Biopsychiatric research is based too often on distortions, incomplete information, and sometimes, outright fraud--at the expense of reason and science. There are no known biological causes of depression in the lives of patients who routinely see psychiatrists, except nutrient deficiency, especially in regard to the B vitamins and toxic metals, especially Mercury from dental amalgams. There is no known genetic link in depression. There is no sound drug treatment for depression. The same is true for mania: no genetics, and little or no rational basis for endangering the brain with drugs. The biomythology of depression denies the obvious causes of depression in the lives of most people who become depressed. Biopsychiatrists dare not look their patients in the eye for fear of seeing the psychological truth; they cannot look into their patients' hearts for fear of empathizing with them.
Ultimately they must deny their own feelings in order to deny the feelings of others. They cannot look into their patients' mouths and see the implantation of unexplained anxiety and depression-causing mercury and other metals from dentistry.
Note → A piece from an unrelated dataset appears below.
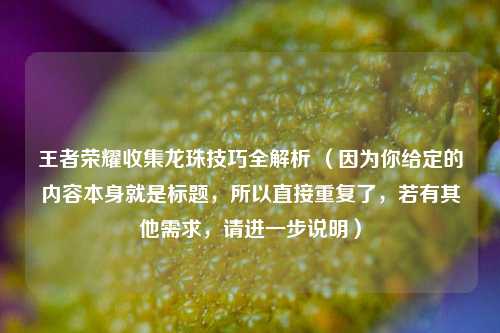 王者荣耀收集龙珠技巧全解析 (因为你给定的内容本身就是标题,所以直接重复了,若有其他需求,请进一步说明)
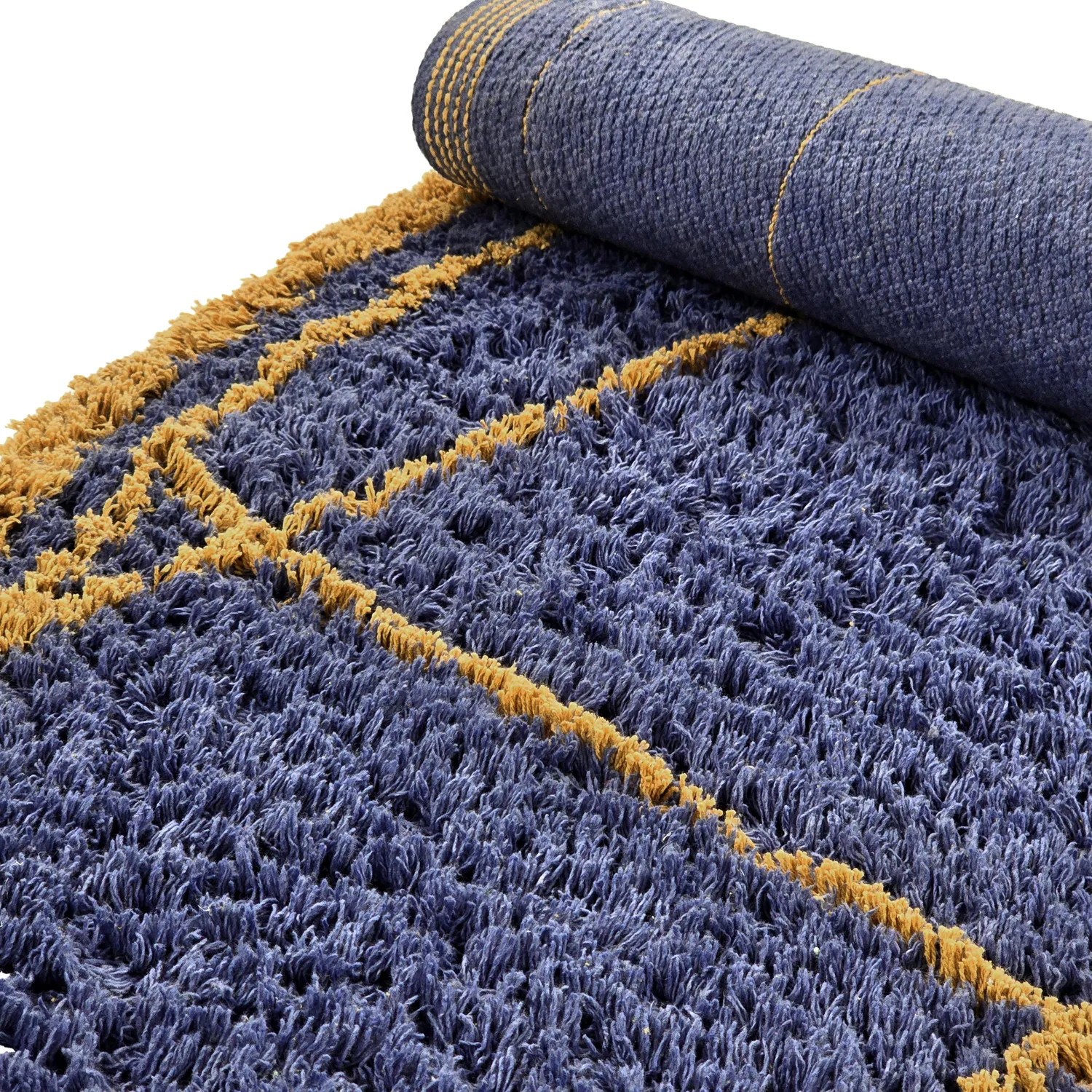 Kolo koberce - Lana Natural Cotton Shaggy (modrá/žltá)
To treat a depressed person as a biochemically defective mechanism, and to blunt or damage the brain of the suffering individual, many biopsychiatrists approach the patient with an especially dehumanizing view. Out of this perspective grow extreme treatments like electroshock. We can never fully anticipate all of the damaging effects inflicted on the individual and their families by the neuroleptics and other toxic drugs. We must assume that numerous harmful effects go unnoticed. By the time we become aware of the dangers, we've already done an unconscionable amount of harm, and for the health of many people, it's too late. The human body is not the place to dispose of toxic chemicals put out by any industry, including the dental, psychopharmaceutical and psychiatric industries.
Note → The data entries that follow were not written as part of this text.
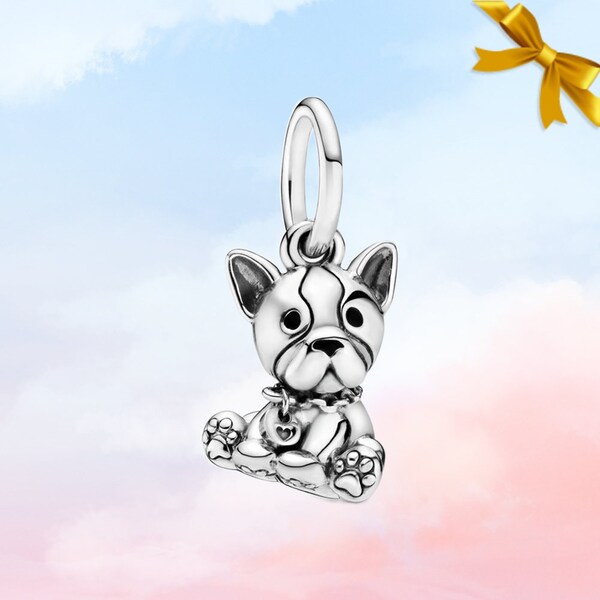 Breloque bouledogue chiot chien • Nouveau véritable breloque en argent sterling S925 pour bracelet Pandora • Collier pendentif • Cadeau pour les amoureux de bouledogue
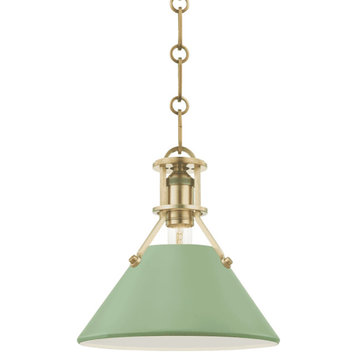 Hudson Valley Painted No.2 by Mark D. Sikes Mini Pendant in Aged Brass and Lea
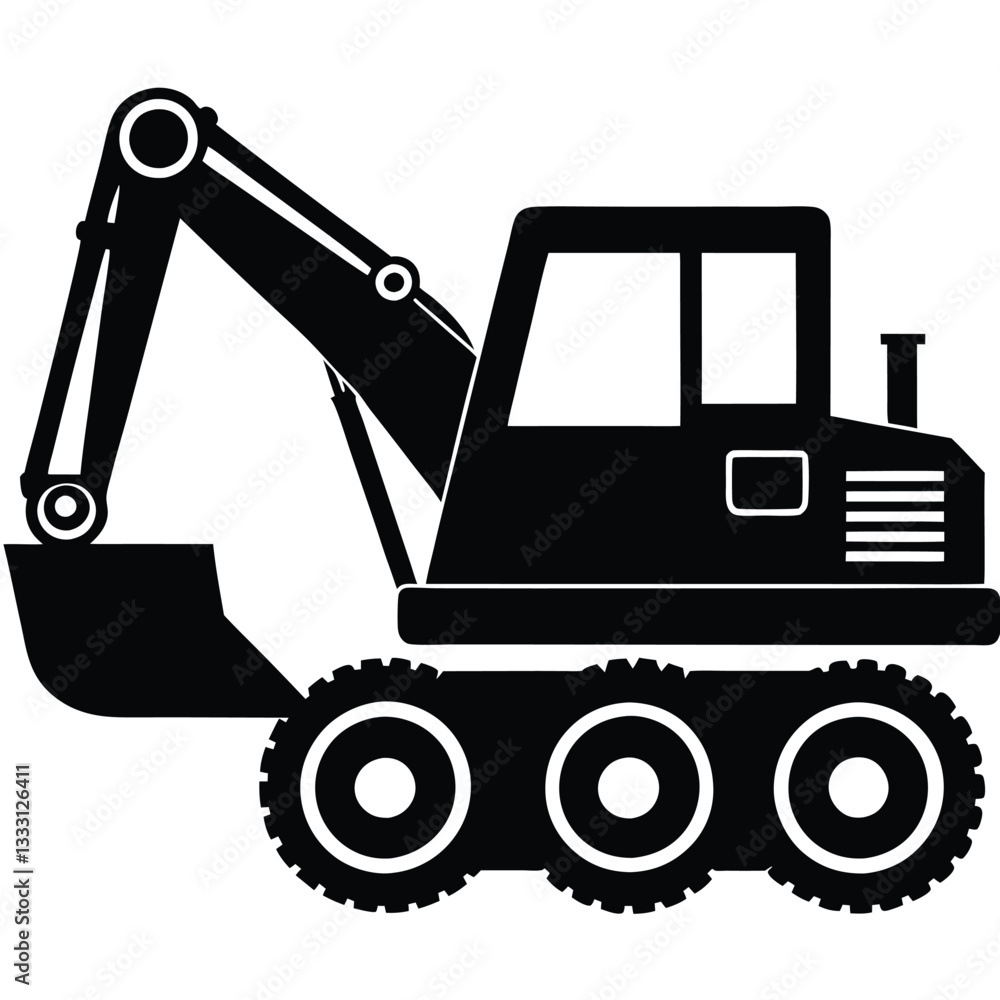 Construction Silhouette: A bold, graphic silhouette of an excavator, showcasing its robust design. Perfect for construction themes and industrial projects. Construction Silhouette: A bold, graphic silhouette of an excavator, showcasing its robust design. Perfect for construction themes and industrial projects.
That so many people feel a need for cosmetic psychopharmachology or an artificial infusion of hope, suggests that our society is failing to inspire us, and that we live lives of quiet desperation devoid of nurturing, comfort, and a sense of connection with others and with the world. If you turn to drugs, you turn away from life. If you turn away from life, you sacrifice yourself even as you seek relief and healing. The intent may be morally superficial, but the effect is physically, as well as morally, profound. Those who suffer drug-induced brain dysfunction can be rendered relatively unable to explore their human potential. This tampering with the very substance of the brain, in a way that causes basic functions to go out of whack, in a way that drives neuronal receptors out of existence. We cannot, as individuals or a society, live by meaningful values unless we reject biological psychiatry, its fake medical diagnoses, and its drugs.